MATERIAL PROVIDED –

--

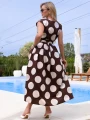 SUKIENKA Grochy Pasuje na Rozmiary S M L XL OMBRA - Brąz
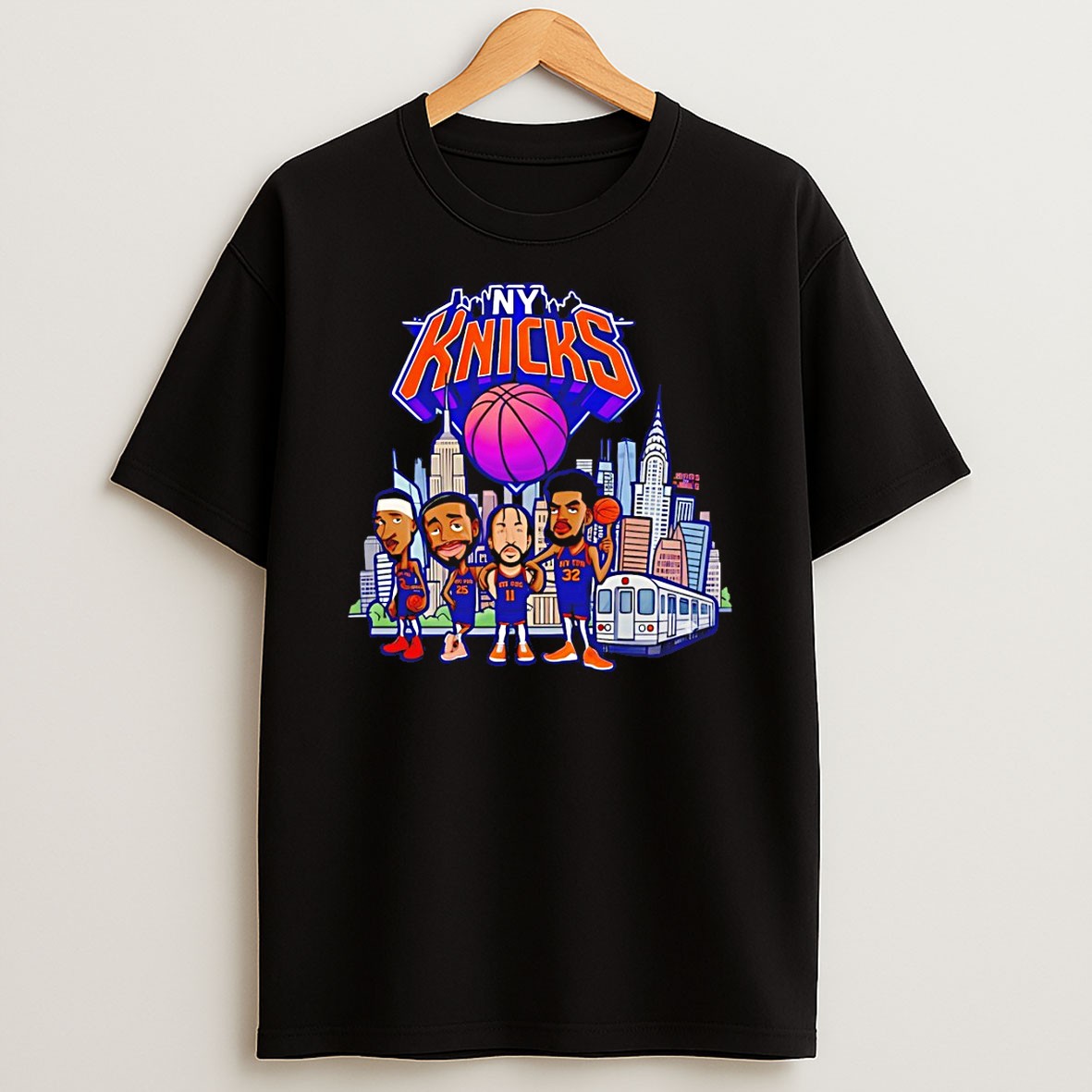 Original Jalen Brunson Karl Anthony Towns Josh Hart Cartoon City Skyline New York Knicks Basketball Nba 2026 T Shirt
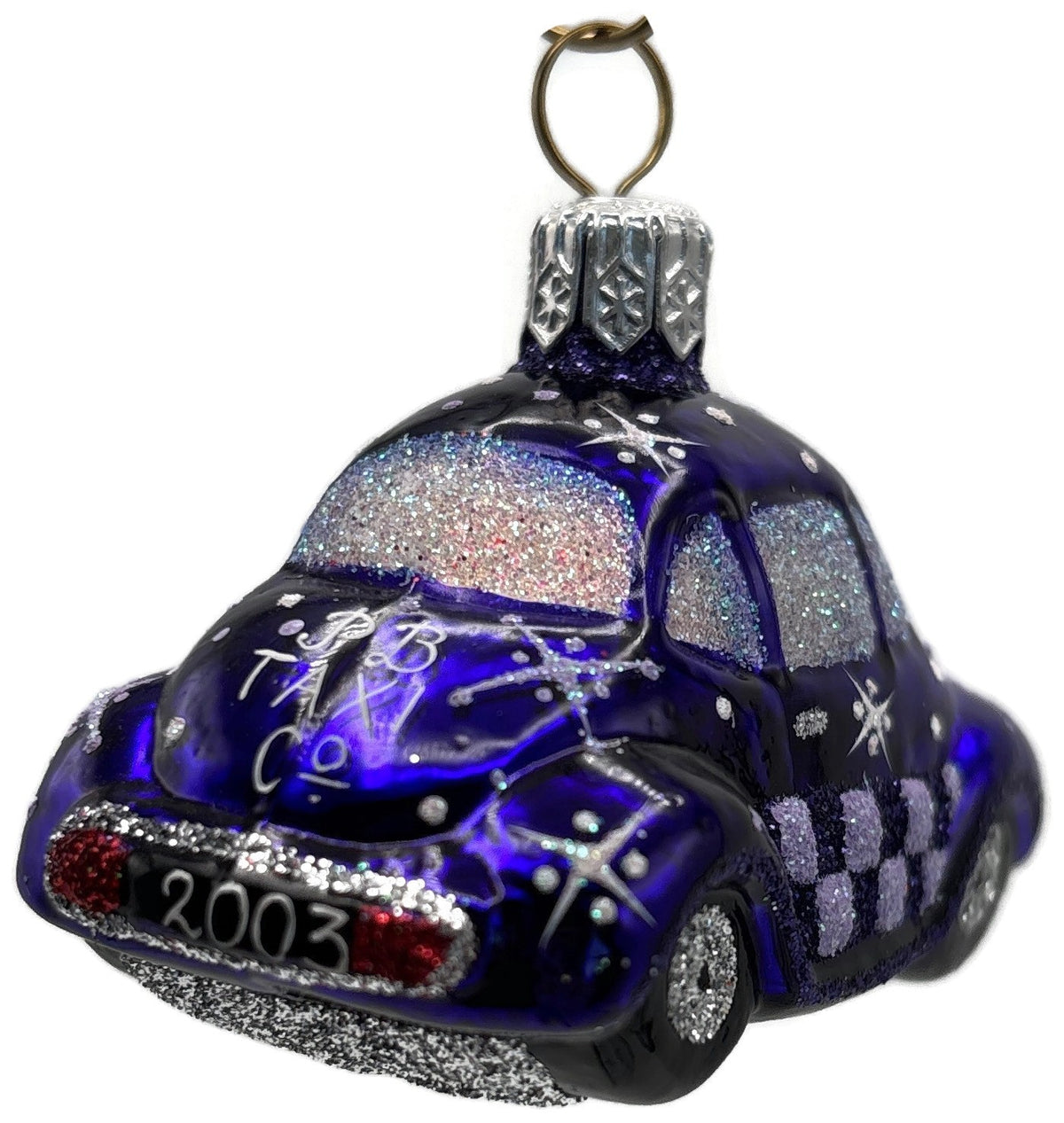 Patricia Breen Miniature Taxi Purple Snowflakes Christmas Ornament Signed 96316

--

ACTIVITY –
Repeat each line word for word, from the one with "Original Jalen Brunson" down to the last line of the data, and keep the pictures out of it.

PROBLEM SOLUTION –
 Original Jalen Brunson Karl Anthony Towns Josh Hart Cartoon City Skyline New York Knicks Basketball Nba 2026 T Shirt
 Patricia Breen Miniature Taxi Purple Snowflakes Christmas Ornament Signed 96316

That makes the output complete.